Given that the bottleneck on the embedded device is local non-interactive public-key signature verification, the best industry standard for that is RSA (with a standard signature padding, such as PKCS#1 RSASSA-PSS, PKCS#1 RSASSA-PKCS1-v1_5), which is usually significantly faster than ECDSA for signature verification including for the common $e=65537$; and for good implementations always faster when using $e=3$, which allows a speedup by a factor of about $8$. Rabin signature verification is nearly twice faster than RSA with $e=3$, and is also standard if not common, e.g. was in ANSI X9.31:1988 and is in ISO/IEC 9796-2:2010.

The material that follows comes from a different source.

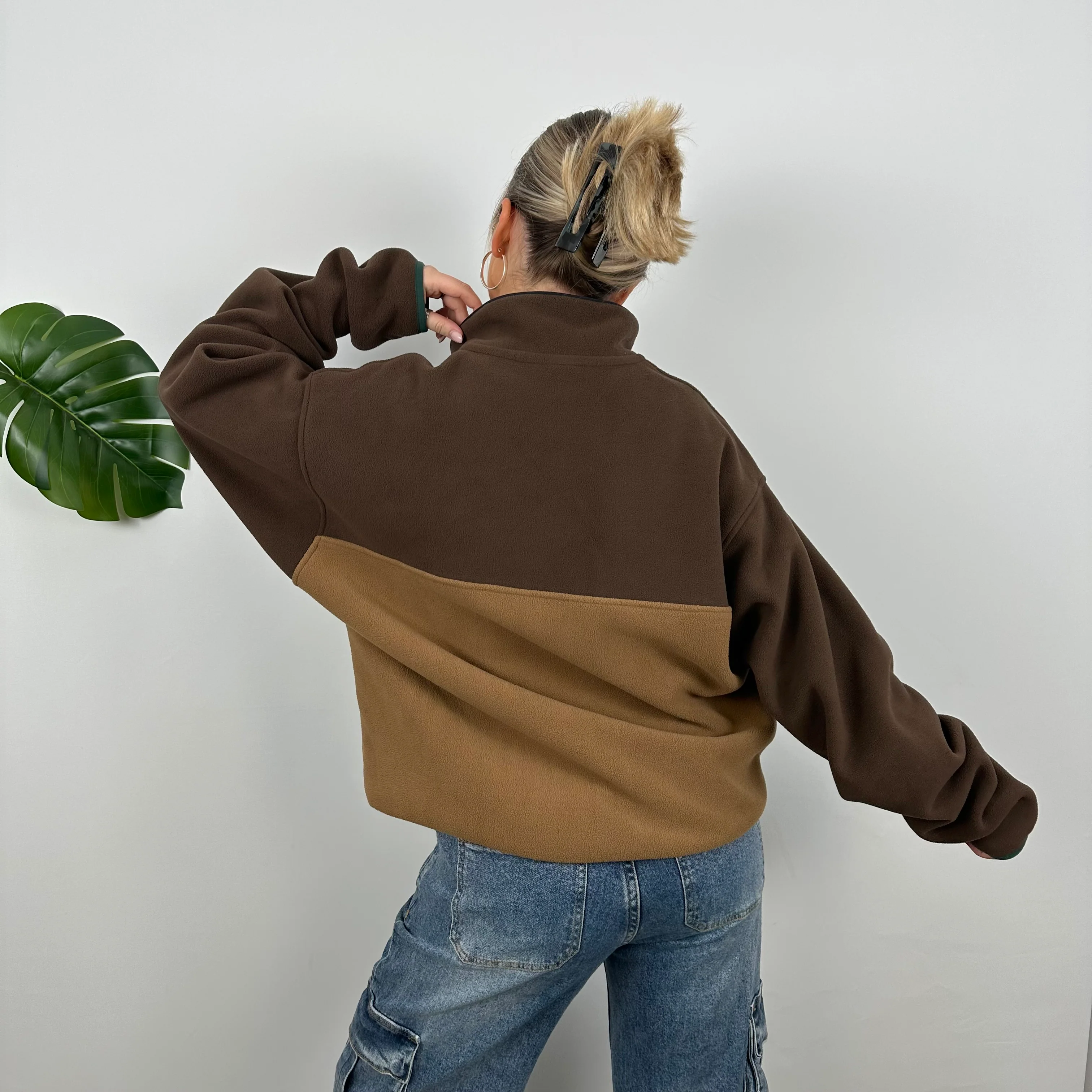 Patagonia Brown Embroidered Spell Out Teddy Bear Fleece Sweatshirt (L) - Image 7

Note: the absolutely fastest seems to be Daniel J. Bernstein's A secure public-key signature system with extremely fast verification (2000); this is essentially Rabin with an expanded signature allowing extremely fast verification, using an idea he first outlined there.
Both RSA and Rabin are based on modular arithmetic modulo $N$ of secret factorization. The time for signature verification is dominated by $17$ (RSA, $e=65537$), $2$ (RSA, $e=3$), or just $1$ (Rabin, $e=2$) multiplication(s) modulo $N$, where $N$ has $n$ bits. $n=2048$ is acceptably secure till 2030 according to NIST and French ANSSI.
When appropriately implemented using standard (quadratic) algorithms working on $w$-bit words, the computation time for one multiplication modulo $N$ is dominated by $\approx(n/w)^2$ executions of an elementary operation consisting of
- two multiplications of two $w$-bit word giving a $2w$-bit result
- addition with carry of the corresponding two results into temporary values
- three reads of a $w$-bit word
- one write of a $w$-bit word
- on register-starved CPUs only, some read-writes for temporaries
Notoriously, careful optimization of the core loop is essential (assembly language shines!); and using the wrong algorithm will impact speed (in particular: separating modular multiplication from modular reduction increases the memory accesses; Montgomery arithmetic at best does not help).
Actual execution time can be in seconds on a mere 8-bit CPU (for 2048-bit RSA, $e=3$, an implementation I wrote verifies a signature in $1.25$s on a 8051 core with 5M cycle/s and 4-cycle multiplication of bytes giving 16-bit result, and no hardware 16-bit addition).
Execution time decreases about quadratically with the word size, allowing time in milliseconds for a modern 32-bit CPU (the question does not specify which core is used; ARM CPUs tend to be good at this, especially those with UMLAL and UMAAL).
Per eBACS benchmarks, on an ARM Cortex-A8, RSA-2048 ($e=3$) is timed at a median of 555418 cycles (28ms scaled to 20MHz), versus 2594303 cycles for one of the fastest elliptic-curve signature system, ed25519.